Charles-Augustin de Coulomb Facts
Charles Augustin de Coulomb (June 14, 1736 to August 23, 1806) was born in Angoulême in France. His parents were Henry Coulomb and Catherine Bajet, and he went to school in the Collège Mazarin in Paris, where his father lived.
Interesting Charles-Augustin de Coulomb Facts:
Coulomb graduated in November 1761 from École royale du génie de Mézières.
Over the next twenty years, he was involved in many things: engineering - structural, fortifications, soil mechanics, as well as many other fields of engineering.
His studies included philosophy, language, and literature.
He also received a very good education in mathematics, astronomy, chemistry, and botany.
His first posting was to Brest, but in February, 1764 he was sent to Martinique, in the West Indies, where he was put in charge of building the new Fort Bourbon. This task occupied him until June 1772.
He then began writing important works on applied mechanics and he presented his first work in 1773 to the Académie des Sciences in Paris.
In 1779, Coulomb was sent to Rochefort to collaborate with the Marquis de Montalembert in constructing a fort made entirely from wood near Ile d'Aix.
During his period at Rochefort, Coulomb continued his research into mechanics, in particular using the shipyards in Rochefort as laboratories for his experiments.

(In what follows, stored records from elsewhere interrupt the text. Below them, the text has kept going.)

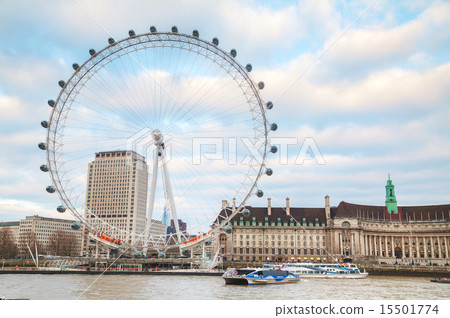 The London Eye Ferris wheel in London, UK 15501774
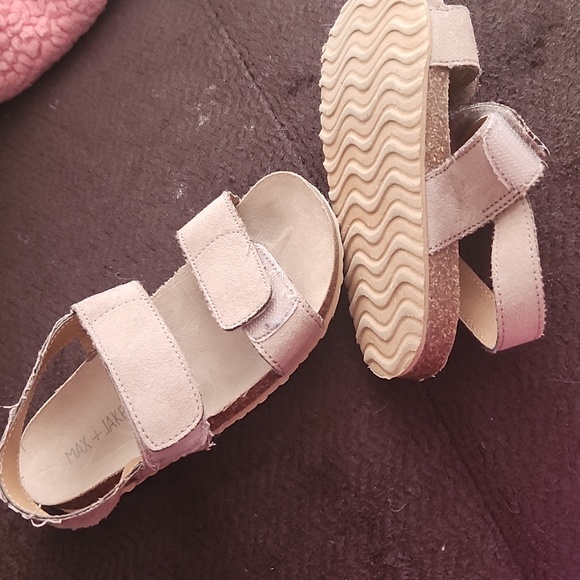 Sandals - Picture 4 of 4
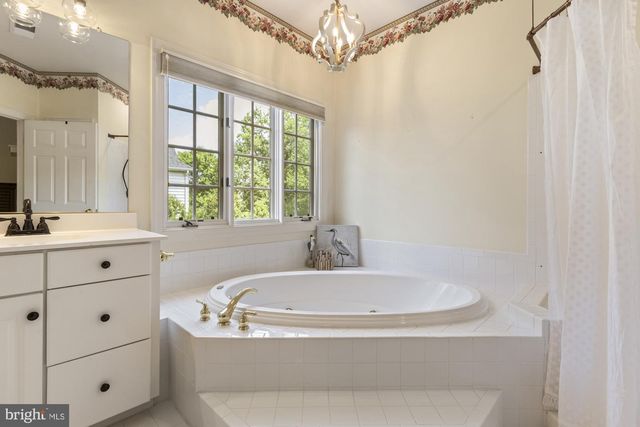 13539 HERITAGE FARMS DR, Gainesville, VA 20155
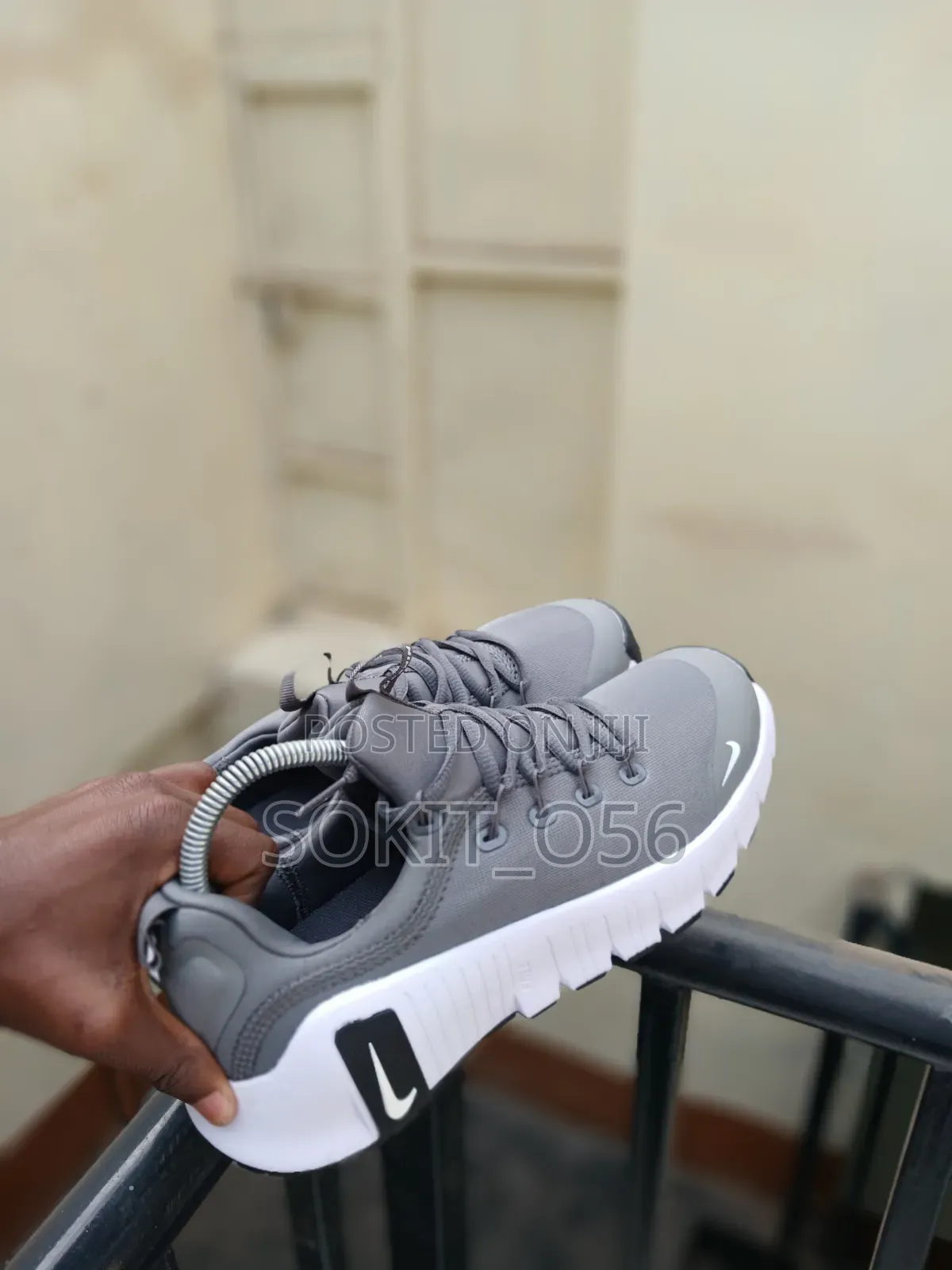 Nike Free Metcon 6 Cross-Training Sneaker.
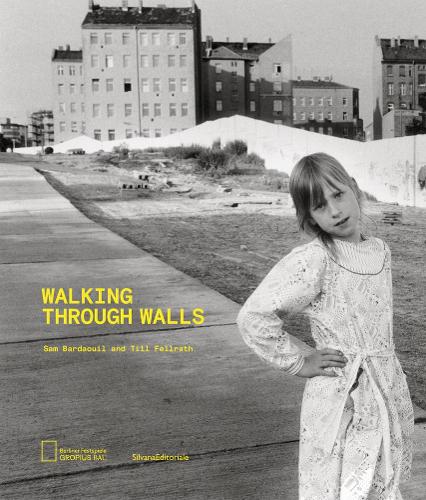 Бумажная книга «Walking Through Walls», авторов Сэм Бардауил, Тилль Феллрат - фото №1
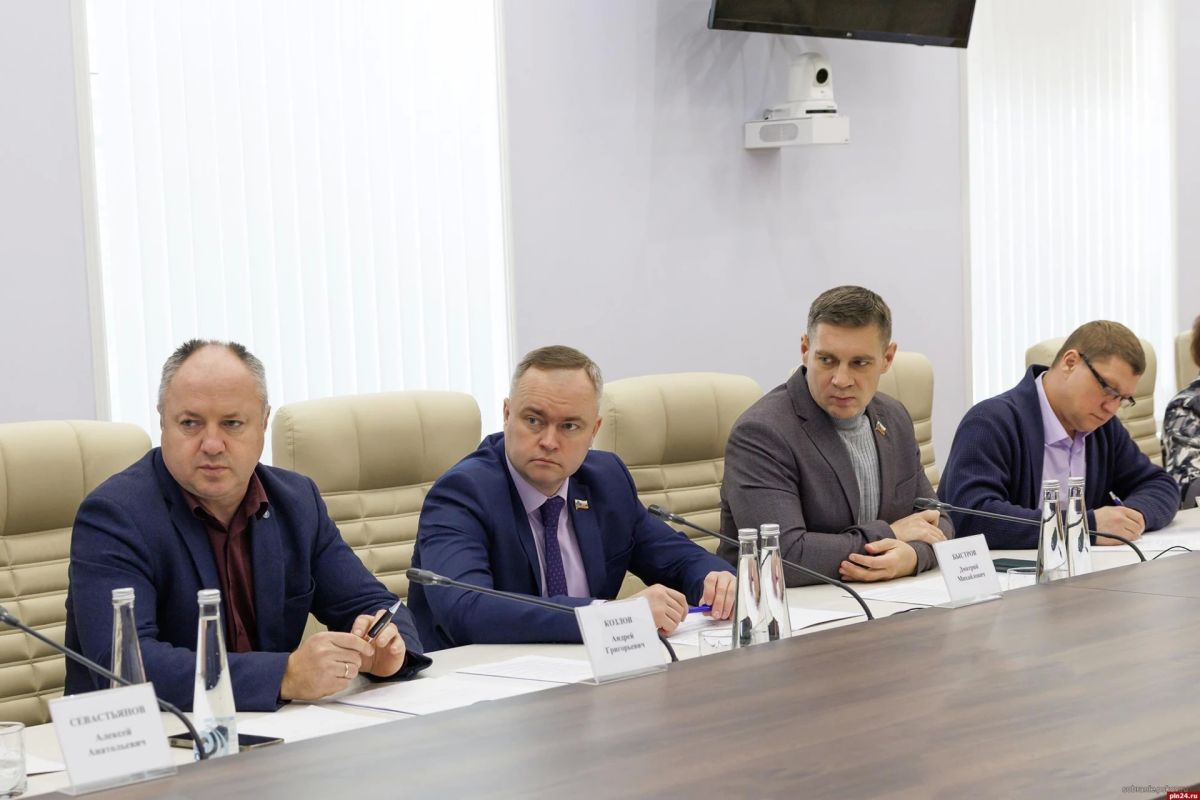 Парламентский час на сессии Заксобрания Псковской области посвятят готовности региона к отопительному сезону Парламентский час на сессии Заксобрания Псковской области посвятят готовности региона к отопительному сезону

He first discovered an inverse relationship of the force between electric charges and the square of its distance and then the same relationship between the magnetic poles. Later these relationships were named Coulomb's law.
In 1781, he was stationed at Paris. On the outbreak of the Revolution in 1789, he resigned his appointment as intendant des eaux et fontaines and retired to a small estate which he owned in Blois.
He became one of the first members of the French National Institute, and then was appointed the inspector of public instruction in 1802.
Coulomb leaves his legacy as a pioneer in the field of geotechnical engineering for his contribution to retaining wall design. His name is one of the 72 names carved into the Eiffel Tower.
His health was already very weak, and four years later he died in Paris.